Proportional Representation, Facts, and Really Bad History
Paul Tuns has a meandering piece in yesterday’s Ottawa Citizen that ends up arguing against proportional representation, claiming that it is “a solution that is worse than the supposed problem it addresses.” One could debate this claim, but I won’t. Reasonable people can disagree about the advantages and disadvantages of PR. But in making his case, Tuns uses some seriously flawed, not to say totally manufactured, “facts.” Like so:
According to [John] Pepall, PR is “the political drug of choice for small parties” because it gives them seats in a legislature without winning broad support. Often in PR systems, small parties hold the balance of power, giving them disproportionate power within government, such as in Israel, where small religious parties often join coalitions with their handful of members dictating a broad range of policy positions as the cost of propping up the government.
Similarly, in West Germany from 1949 through 1990, the Free Democrats won about a quarter of the votes the Social Democrats did, yet held almost the same number of cabinet seats as they propped up both the Social Democrats and Christian Democrats while finishing third in every election. How proportionate is that?
I can’t speak to the situation in Israel, but his narrative of German post-war history is pretty much entirely wrong.
For one thing, counting cabinet posts is a bizarre method of assessing proportionality – you look at seats in parliament for that. But even if the method were sound, Tuns’ figures are still way off. Between 1949 and 1990 (why those dates?), the Free Democrats were the junior partner in all but two governments: in 1957, the Christian Democrats won an absolute majority and governed alone for the next four years, and from 1966-69, the government was formed by a “great coalition” of the two largest parties, the Christian and the Social Democrats. In all, the FDP belonged to 11 out of 13 governments over those decades.
(That’s simplifying things a bit, since there were technically 16 governments: one was re-formed virtually unchanged after a scandal led to the mass resignation of much of the cabinet in 1962; one was reconstituted when the long-reigning Chancellor Adenauer handed over the party leadership to Ludwig Erhard in 1963; and one was formed when the Social Democratic Chancellor Willy Brandt resigned in 1974 and was replaced by his colleague Helmut Schmidt. But none of those changes involved a switch of ruling parties, nor did they follow an election, which is why taking them into account would mean misleadingly double counting posts and seats.)

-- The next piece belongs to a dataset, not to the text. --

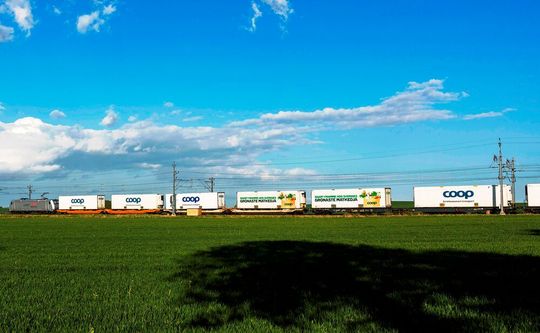 Schienengebundener Transportlindwurm im Testlauf! TX Logistik hat in Schweden einen voll beladenen Zug ausprobiert, der sage und schreibe 838 Meter lang ist. Leider hat er nicht ganz aufs Bild gepasst. Hier aber mehr dazu... Schienengebundener Transportlindwurm im Testlauf! TX Logistik hat in Schweden einen voll beladenen Zug ausprobiert, der sage und schreibe 838 Meter lang ist. Leider hat er nicht ganz aufs Bild gepasst. Hier aber mehr dazu...
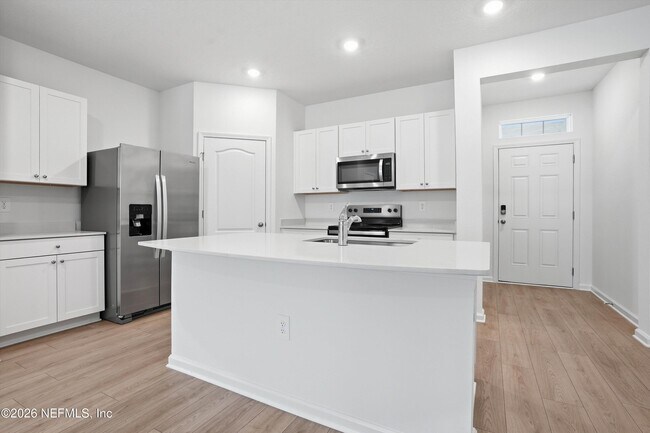 Building Photo - 32 Pasadena Dr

Over the same period, the Social Democrats were part of five governments (using the same logic to avoid double counting).
As the governing party, they held 56 cabinet posts in those five governments, just over 11 on average, as well as the chancellorship. As junior partners, the Free Democrats held 42 cabinet posts in their 11 governments, under four on average. The SPD had 59 individuals fill its posts over the years, the FDP 36.
Which is to say, however you count, Tuns is simply incorrect in his assertions. In each and every government to which they belonged, the Free Democrats held roughly a quarter of cabinet posts – more or less the proportion their share of the vote merited.
Now, one could be silly about this and say that somehow, the total of cabinet posts held over four decades is a more representative figure, but that still leaves the FDP trailing the Social Democrats, despite the fact that they served in over twice as many governments. And even if you make the mistake of double counting (see above), the FDP still had fewer ministers (58) than the SPD (67).
There’s much more to be said. One could talk about what the FDP had to do in order to serve as the minority party under two very different senior partners, and how those shifts in policy and personnel affected their fortunes at the polls; one could discuss whether the Free Democrats actually ever wielded disproportionate political influence in any of the governments they belonged to (and if that influence grew or shrank depending on their share of the vote or on the personalities involved); one could wonder why it is that so very few German governments have ever collapsed because of the desertion of a coalition partner (the fall of the second Schmidt government in 1982 is the odd one out here). But those are substantive issues, and I’m not concerned with those right now.